Mirando hacia atrás, me doy cuenta de que no estaba preparado, como muchos padres adoptivos. En esos primeros años, cada día era una carrera desesperada para sobrevivir a otra ronda de frustración y tristeza, y otro día para preguntarnos si nuestras circunstancias alguna vez iban a mejorar. Para cuando Julia tenía 3 años, asumí que iba a criar a un niño que nunca se sentiría como si me perteneciera. Estaba en los puntos bajos más bajos cuando comencé a prestar más atención a las pistas. Necesitaba un bote salvavidas, y observar mi mundo de forma más objetiva nos salvó de ahogarnos. Comencé a notar que Julia no tenía más afecto o apego por su niñera que ella. De hecho, ella no se unió a nadie. En el preescolar, ella se aisló de otros niños. Ella era superficialmente encantadora y demasiado afectuosa al principio con los adultos, pero rápidamente se volvió difícil y perturbadora. Finalmente, mencioné estos comportamientos a su pediatra, que se especializó en adoptados internacionales. Mencionó el Desorden de Apego Reactivo.

Poco después, atrapé a un periodista de televisión entrevistando a una mujer encarcelada. Natalie Higier había matado accidentalmente a su hijo adoptado en Rusia. Ella estaba claramente arrepentida, pero habló francamente de lo difícil que era tratar de criar a un niño perturbado emocionalmente que no aceptaría el amor. Este fue el momento que cambió la vida de mi familia. Mi esposo y yo investigamos a fondo y leímos todo sobre el trastorno de apego reactivo. Julia era su hija del cartel. Nos dedicamos a sanar a Julia, primero al comprender la forma en que su cerebro estaba conectado y por qué se comportó de la manera en que lo hizo, y luego al utilizar una serie de técnicas de crianza para romper la fortaleza de nuestra hija. Entrar en sus zapatos, sentir su dolor y comprender por qué estaba tan cerrada suavizó mi ira y mi sensación de impotencia. Mi esposo y yo, que siempre hemos tenido una asociación sólida, decidimos trabajar como familia en lugar de contratar un terapeuta, porque habíamos escuchado que era difícil encontrar el tipo de ayuda adecuado. Sin embargo, si Julia no mostró ningún progreso, acordamos que recurriríamos a profesionales.

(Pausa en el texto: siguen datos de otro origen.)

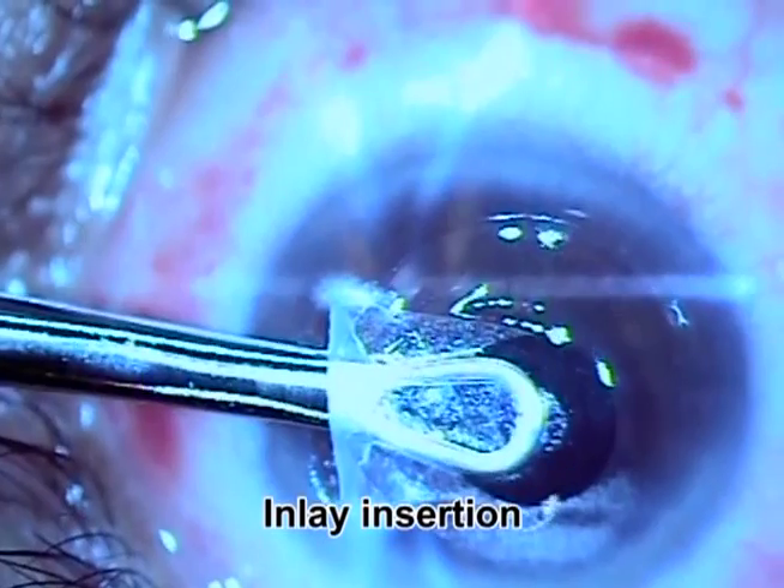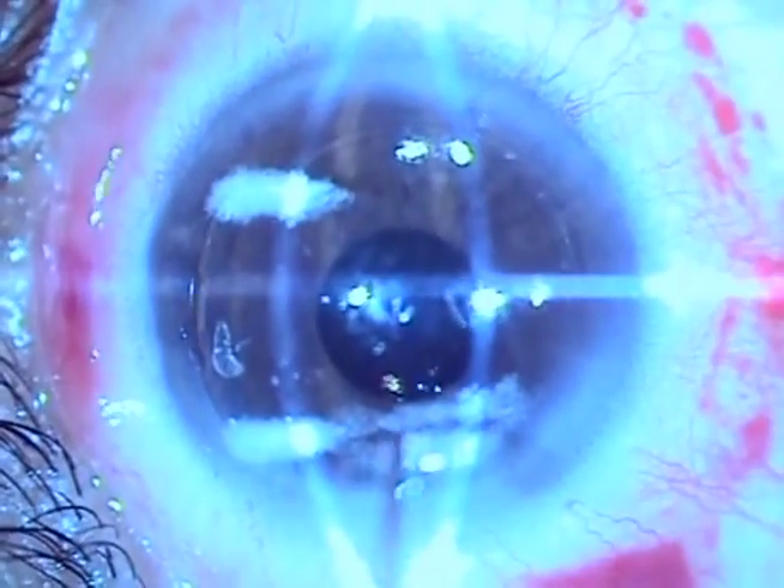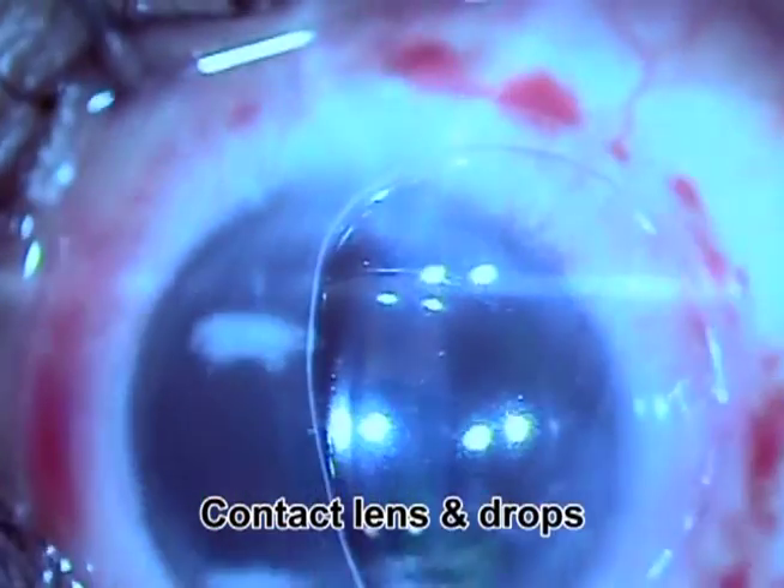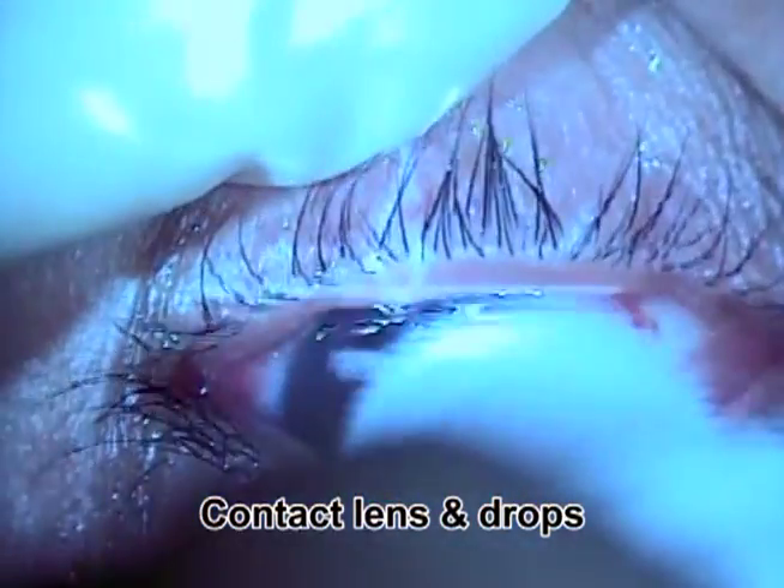Then we prepare the inlay and, under direct visualization, place the inlay in the desired position. A contact lens is applied and drops are given. Surgery is complete.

Con el tiempo, sacamos a nuestra hija. Le enseñamos a mirarnos a los ojos. Le dimos tiempo, no tiempos de espera, porque el aislamiento es lo que los niños RAD, como se les llama, realmente quieren. Pusimos un frente unido y mitigamos su caos emocional. Explicamos una y otra vez que la amamos y que nunca la abandonaríamos, pase lo que pase.

No recuerdo el primer momento triunfal, porque no fue así. Poco a poco comenzó un flujo más natural, pero pasó un tiempo antes de que supiera que Julia estaba lista para dejarme ser su madre. Recuerdo pequeñas cosas en el camino. Como cuando ella me llamaba "Mami" y ya no se sentía desagradable o extraño. Recuerdo cuando ella comenzó a tomar mi mano sin resistencia, y cuando dijo: "Te amo, mami", con los ojos fijos en los míos, y supe que lo decía en serio.

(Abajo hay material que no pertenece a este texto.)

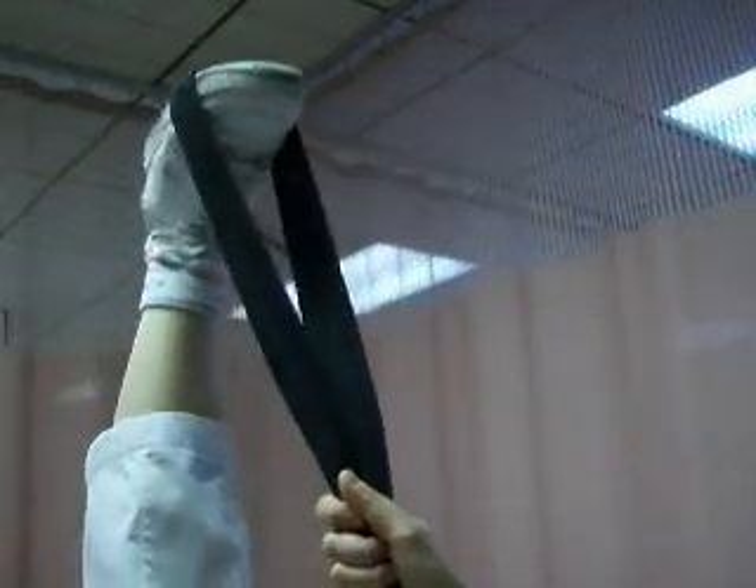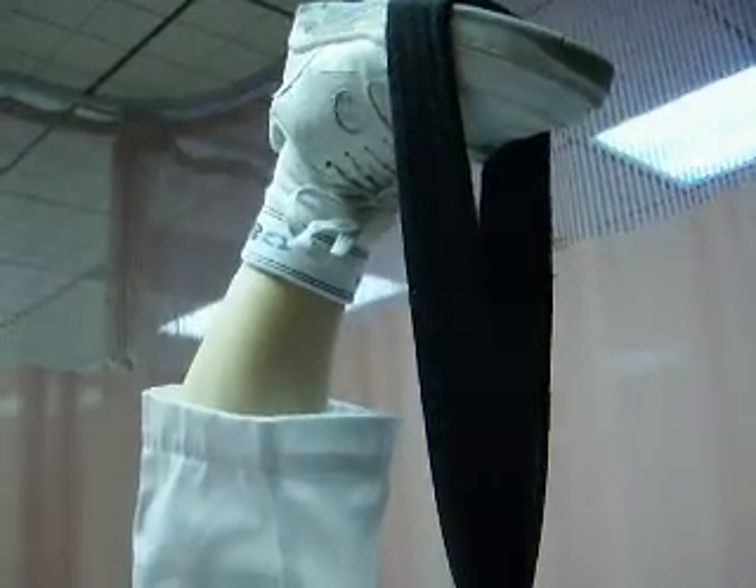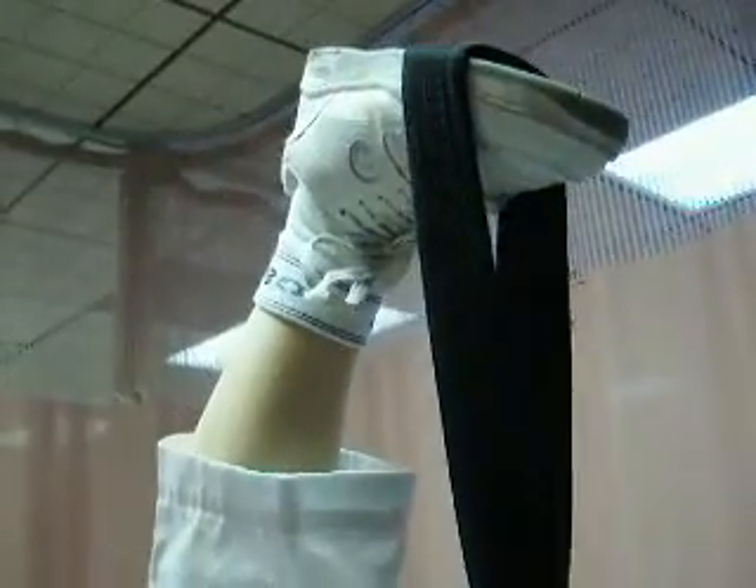Feel that? Yes. Make sure the knee is straight. And pull it there. Keep the other knee straight. Don't bend it up — cuz that's cheating.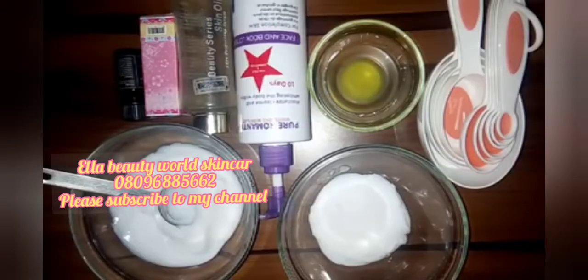In this video I'm going to be making Egyptian whitening body milk body cream. This is based on the pro mix method — the pro mix method is when you mix two different creams in order to get what you want, different serums and different oils, in order to achieve what you want.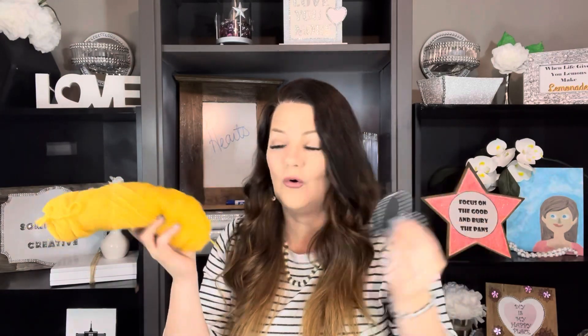I use these for a lot of different things. Let me show you how easy it is to make a heart out of this. I'm using a yellow yarn because I want to show you that it doesn't only have to be for Valentine's decor — this can be with your lemon decor or whatever.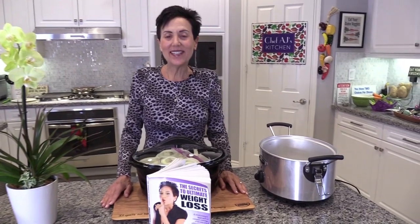Hey everybody and welcome to Weight Loss Wednesday. I'm Chef AJ, the author of The Secrets to Ultimate Weight Loss, and this is where I show you recipes that will help you achieve and maintain healthy, permanent, and sustainable weight loss. Today I'm going to show you a really easy, delicious recipe: caramelized onions made in the crock pot.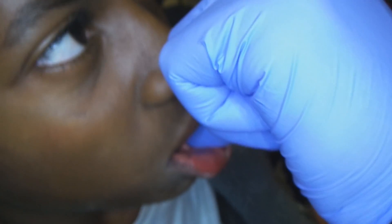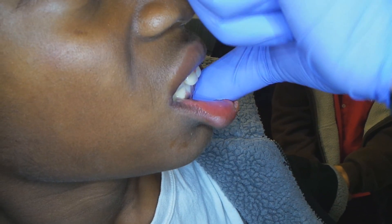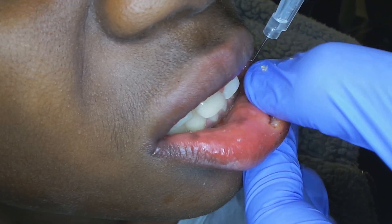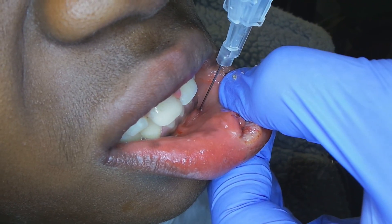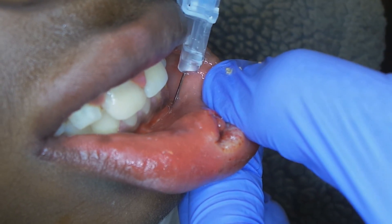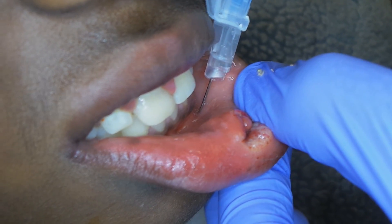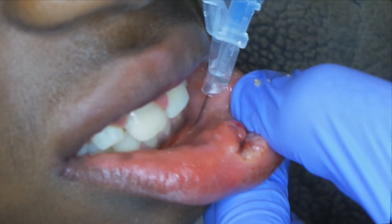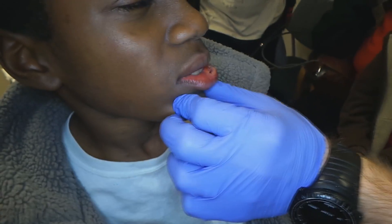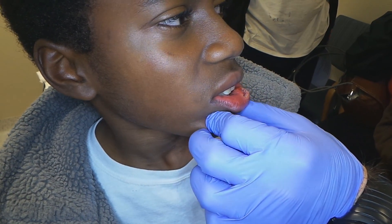I'm going to relocate it. There it is — right under his canine on this side. I'm going to pull back and poke in, right over the foramen. I'm going to do a little withdrawal to make sure I'm not in the artery or vein, and put in about one to two cc's. Then we'll just massage it in. I can feel the wheal right over there.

Julia cumple 12 años y somos como cualquier otra madre e hija empujando y jalando, abriendo botones, amando a alguien más que a un arcoiris. Nuestro vínculo profundo es palpable ahora, pero ocasionalmente, en un momento de crisis, como un llamado de un médico con resultados espeluznantes, me recuerda que no siempre fue así, y que hace que lo que tenemos ahora sea aún más precioso.